Slow Trainable initialization with many policies

I’m running experiments with multiagent and large amounts of policies (currently 10 - 100).
I noticed when I have many policies, e.g. 30, initialization of my trainable is very slow (more than 5 minutes). I am running this on what I think is good hardware (128 cores, 2.4 GHz, I set num_workers to 50 but I’m not sure if this has an effect on init)

Are there any obvious pitfalls that I am missing?
Is this expected?
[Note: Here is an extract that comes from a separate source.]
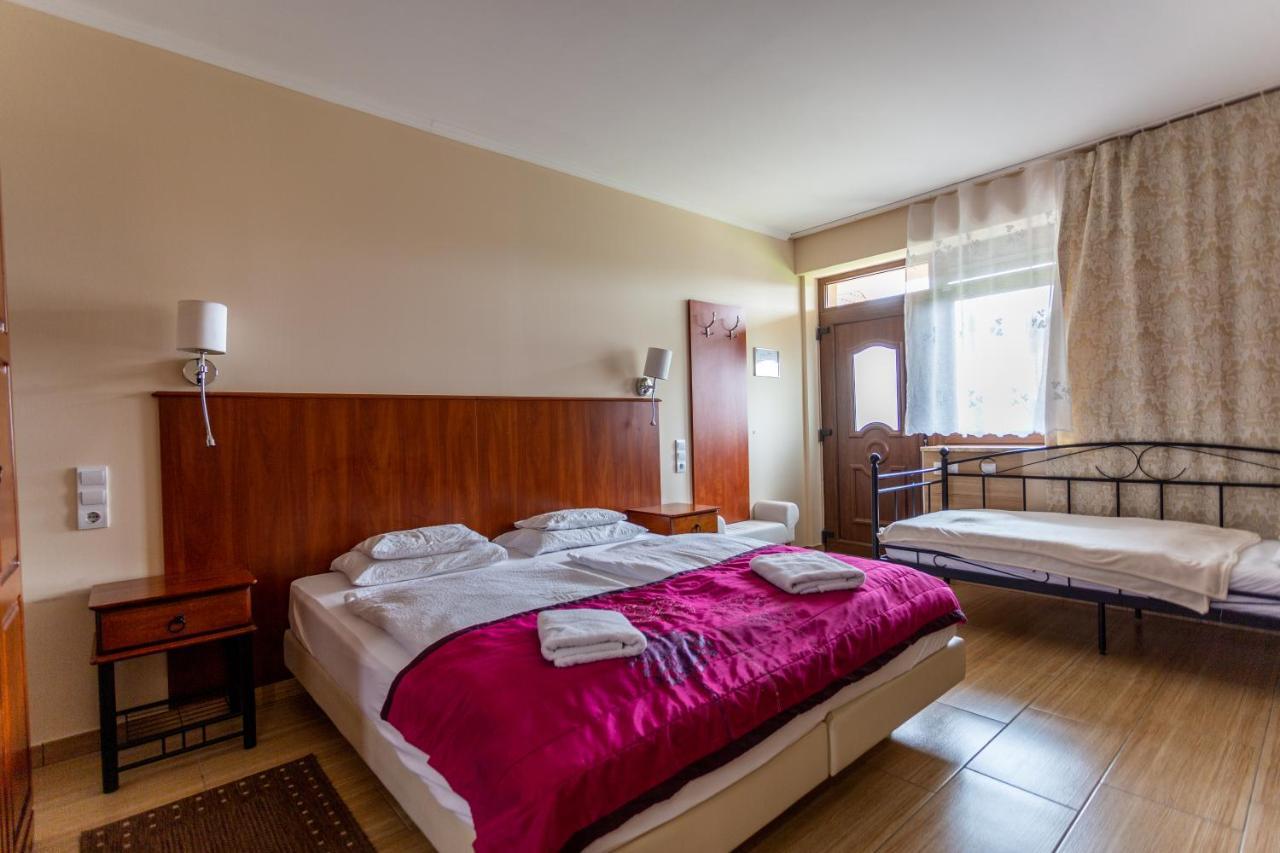 Petreny Borpanzio Bed & Breakfast Egerszalók Dış mekan fotoğraf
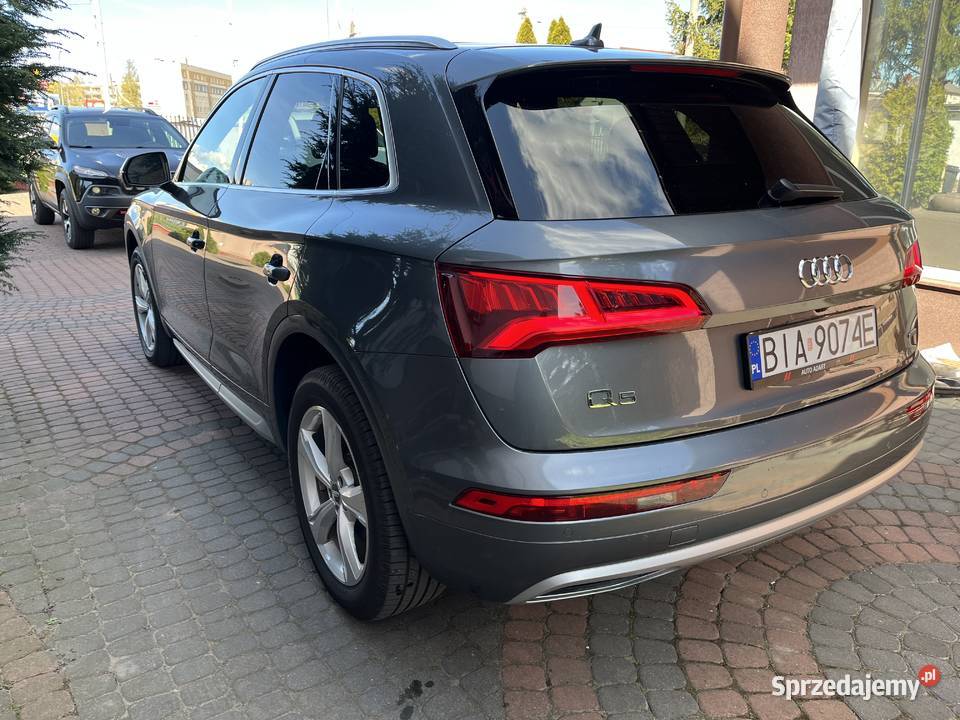 AUDI Q5 20 TFSI Quattro S tronic Łapy sprzedam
I’m surprised having many policies has such a large effect on initialization, I assumed it would amount to simply drawing more random weights.
Is there any way to speed this up?

I have created this very minimal example which illustrates the problem on both DQN and PPO.

import time

import gym
import ray
from ray.rllib.agents.dqn import DQNTrainer
from ray.rllib.agents.ppo import PPOTrainer
from ray.rllib.examples.env.multi_agent import MultiAgentCartPole
from ray.tune import register_env

ray.init()

num_policies = 30

# Simple environment with 4 independent cartpole entities
register_env("multi_agent_cartpole",
             lambda _: MultiAgentCartPole({"num_agents": 30}))
single_dummy_env = gym.make("CartPole-v0")
obs_space = single_dummy_env.observation_space
act_space = single_dummy_env.action_space

policies = {str(i): (None, obs_space, act_space, {}) for i in range(num_policies)}

policy_mapping_fn = str


start = time.time()
ppo_trainer = PPOTrainer(
    env="multi_agent_cartpole",
    config={
        "multiagent": {
            "policies": policies,
            "policy_mapping_fn": policy_mapping_fn,
            "policies_to_train": None,  # All
        }
    })

print(f"PPO init took {time.time() - start} seconds")
start = time.time()
dqn_trainer = DQNTrainer(
    env="multi_agent_cartpole",
    config={
        "multiagent": {
            "policies": policies,
            "policy_mapping_fn": policy_mapping_fn,
            "policies_to_train": None,
        }
    })

print(f"DQN init took {time.time() - start} seconds")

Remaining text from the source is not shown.